With Windows 7 Beta 1 officially available for download
from Microsoft as of January 10, 2009, along with the associated product keys, one of the first things that users will have to do following installation is to update the operating system. On January 9, Microsoft started offering an update for both the 32-bit
and 64-bit versions
of Windows 7 Beta, designed to resolve issues related to the Windows Media Center and Windows Media Player components of the operating system. According to Microsoft, the refresh is set up to fix the MP3 file corruption issue in Windows 7, but also problems related to Windows Media Center playback and recording.
“Playback and recording issues that are fixed in this update: protected tuning sources, such as OCUR and ISDB, do not function correctly; MHEG (iTV) in Europe does not function correctly; recording of a series may fail after some time, if the system was upgraded from Windows Vista and the recording of that series was set up in Windows Vista; Windows Vista DVR-MS recordings do not play back in Windows Media Center or in Windows Media Player; and Windows Media Center may become unstable when you perform recording operations,” Microsoft stated
As far as the corruption issue is concerned, the Redmond company informed that it was associated with the process of editing the metadata of MP3 files. However, because of the fact that Windows Media Player is designed to add metadata by default when it is missing, via a feature that is turned on also by default, all MP3 files with large headers in the Windows Media Player and Windows Media Center libraries will become corrupt. Microsoft informed that corrupt MP3 files would lose audio.
“Every time that metadata is edited in an MP3 file that already contains lots of metadata in the file header, some audio at the beginning of the track may be lost permanently. Up to several seconds of audio may be lost,” the software giant informed. “Large headers are common in music files that are purchased from commercial services, because the files usually have large album art. Use of tools to add large album art to existing MP3 files may also cause this audio loss. Specifically, any information that causes the header size to exceed 16 kilobytes will trigger the loss. Each edit will increase the total loss.”
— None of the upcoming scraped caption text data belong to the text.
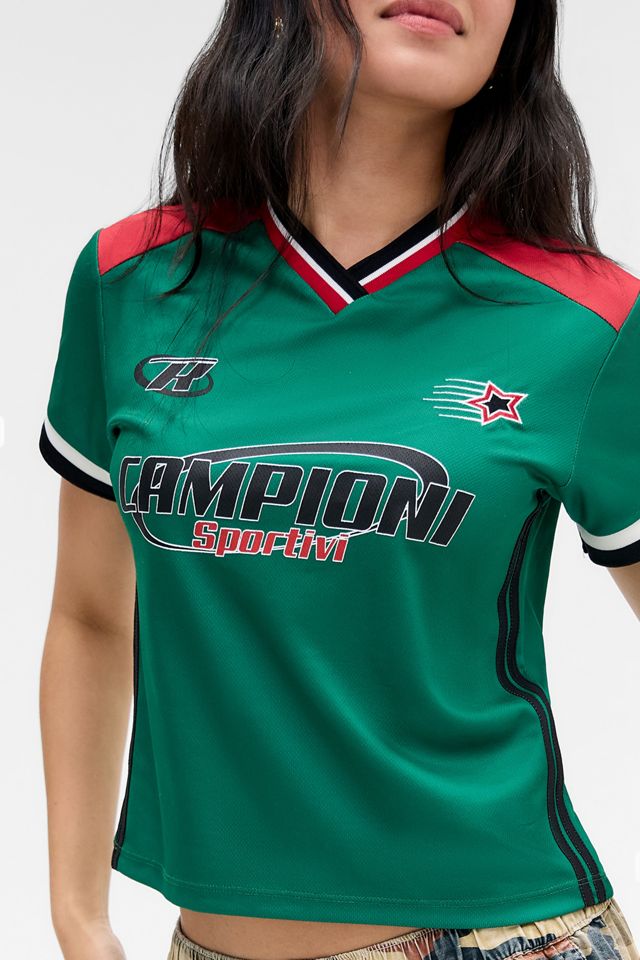Campioni Green Short Sleeve Football T-Shirt #1
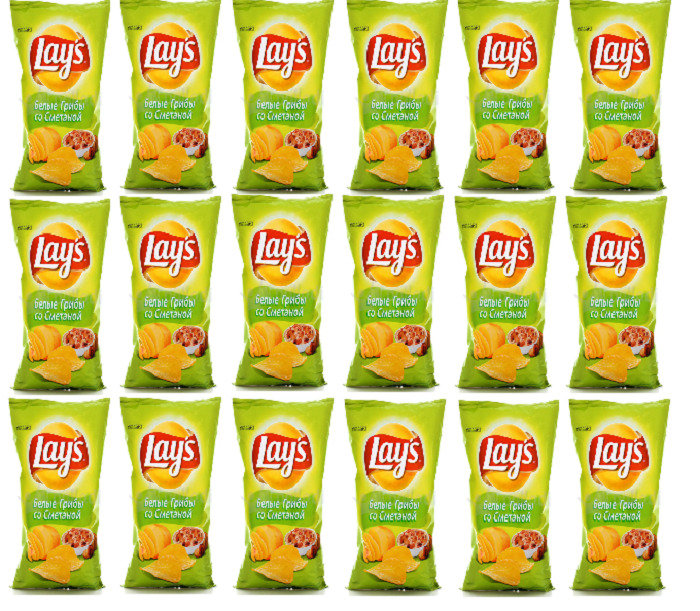 Чипсы Lay's 150гр Белые Грибы со Сметаной (в упаковке 18 шт). — купить ...
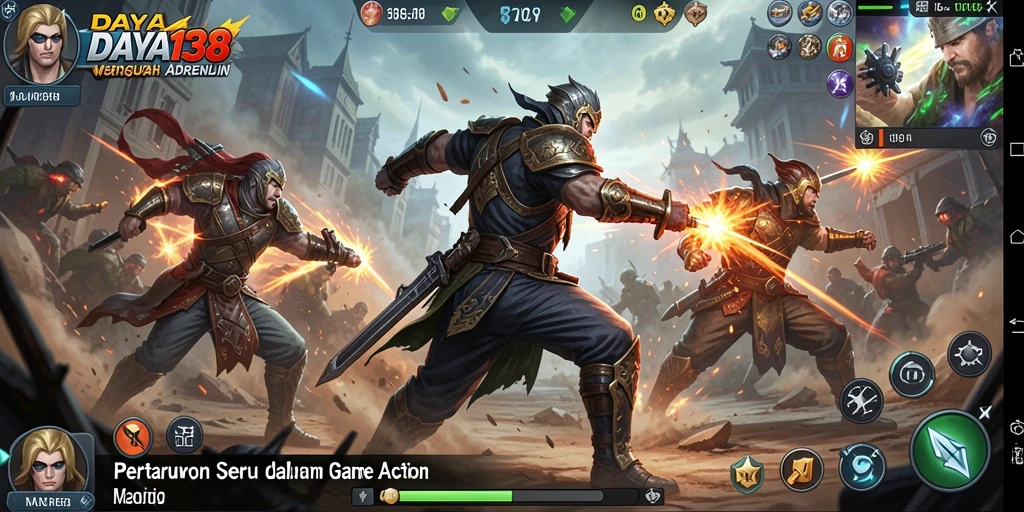 Screenshot DAYA138 menampilkan pertarungan aksi yang mendebarkan.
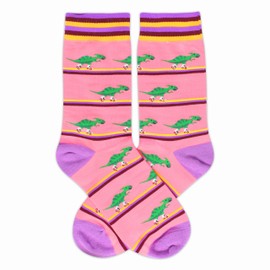 ANYEMW Skating Dinosaur Socks, Funny Socks - Christmas Funny Gifts For Men, Women, and Teens, Novelty Gifts For Dinosaur Lovers, 1 Pairs. (045)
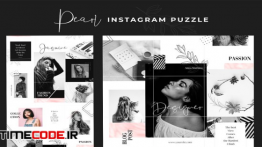 دانلود بنر لایه باز اینستاگرام Instagram Puzzle – Pearl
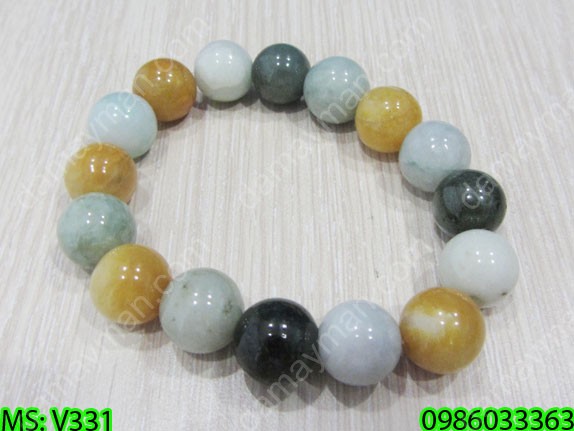 Vòng Tay Đá Cẩm Thạch 14ly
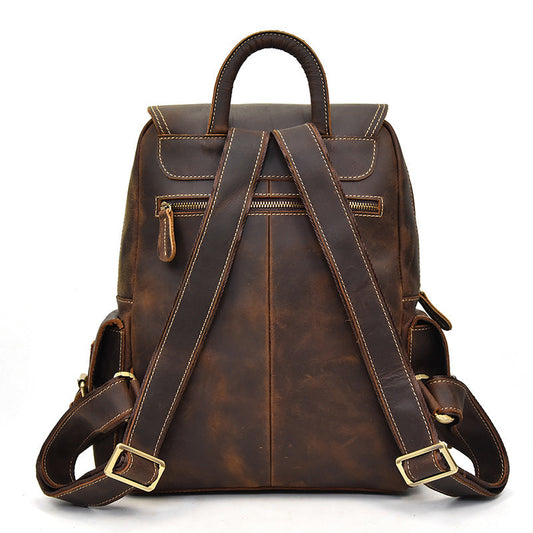 Sac à dos femme cuir noir élégant ville urbain professionnel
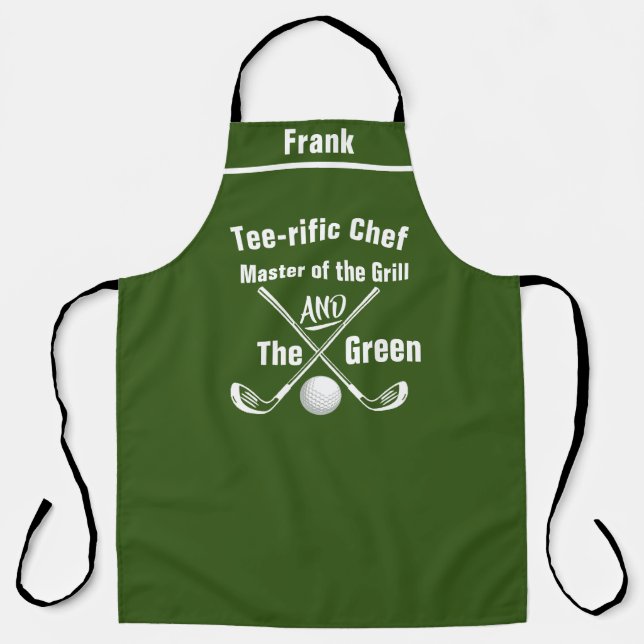 Delantal Funny Chef Golf Apron - Puntas personalizadas (Anverso)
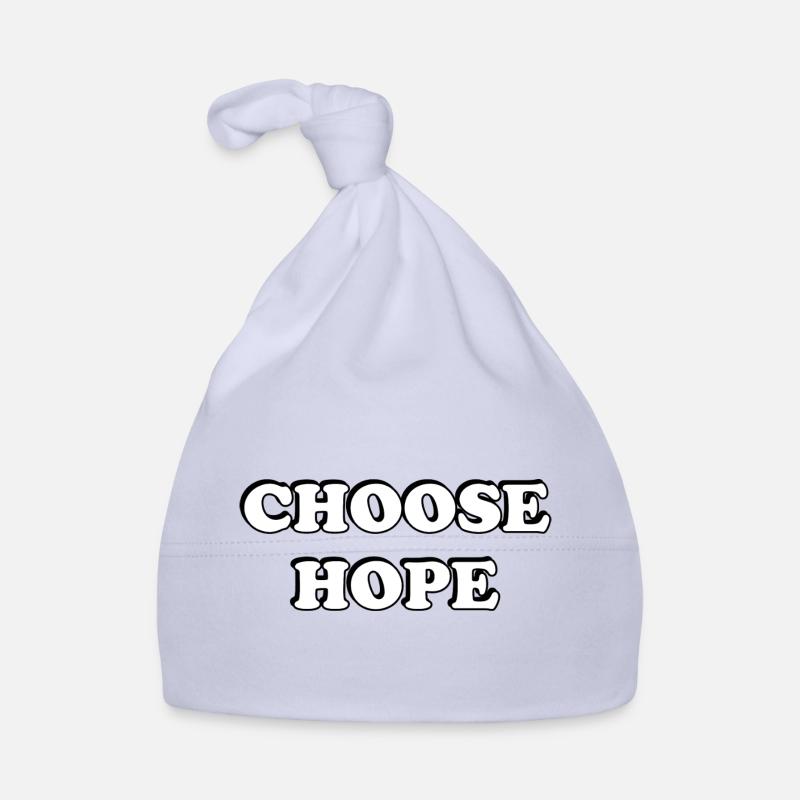 Wählen Sie Hope Bold Typografie Baby Bio-Mütze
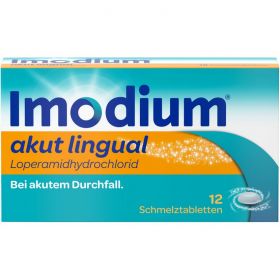 IMODIUM akut lingual Schmelztabletten 12 St – PZN 1689854 из немецкой аптеки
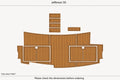 EVA Foam Teak Deck Flooring Mat for Jefferson 50 Swim Platform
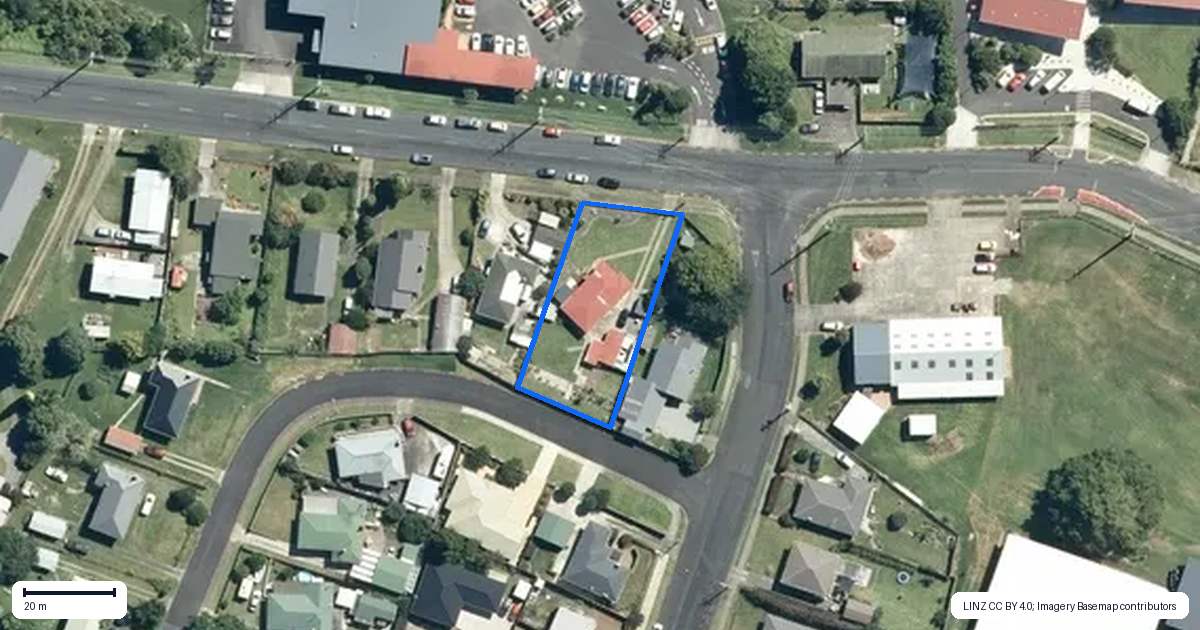 Property context map for 331 Factory Road, Te Awamutu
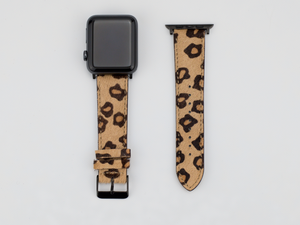 Leopard Leather Classic Apple Watch Band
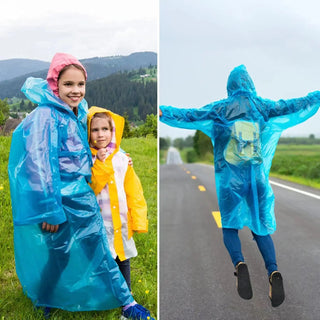 MEELANO Bærbar vinter mini regnfrakke Poncho | Nøglering Kugle med krog - ufrugtbar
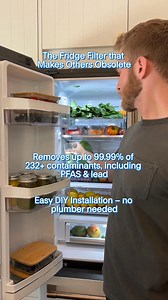 #𝟏 𝐁𝐞𝐬𝐭 𝐬𝐞𝐥𝐥𝐢𝐧𝐠 𝐅𝐫𝐢𝐝𝐠𝐞 𝐅𝐢𝐥𝐭𝐞𝐫 𝐢𝐬 𝐛𝐚𝐜𝐤! Clearly Filtered’s DIY, universal-fit fridge filter protects you from 232 contaminants (including toxic fluoride, poisonous lead, and cancer-causing PFAS)! 🚫 ⬇️Tap below to upgrade now while they’re still in stock!⬇️ | Clearly Filtered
There are two workarounds to prevent MP3 files from being corrupted by Windows 7, in addition to applying the actual update. Microsoft advises users to either set all their MP3 files to Read-only via their properties, or to disable metadata automatic updates in Windows Media Player, through the Tools menu, Options, Library tab, and then un-check the Retrieve additional information from the Internet check box and the Maintain my star ratings as global ratings in files check box.
The company headquartered in Redmond, Washington, also delivered a “Possible solution to the MP3 file corruption issue – if some of your MP3 files have already been affected, you might be able to restore the corrupted MP3 files to their pre-edit status. To do this, follow these steps: in Windows Explorer, right-click a corrupted MP3 file, and then click Properties. On the Previous Version tab, select an earlier version in the File Versions list, and then click Restore. If multiple edits were performed, you may have to revert to the oldest version that is available.”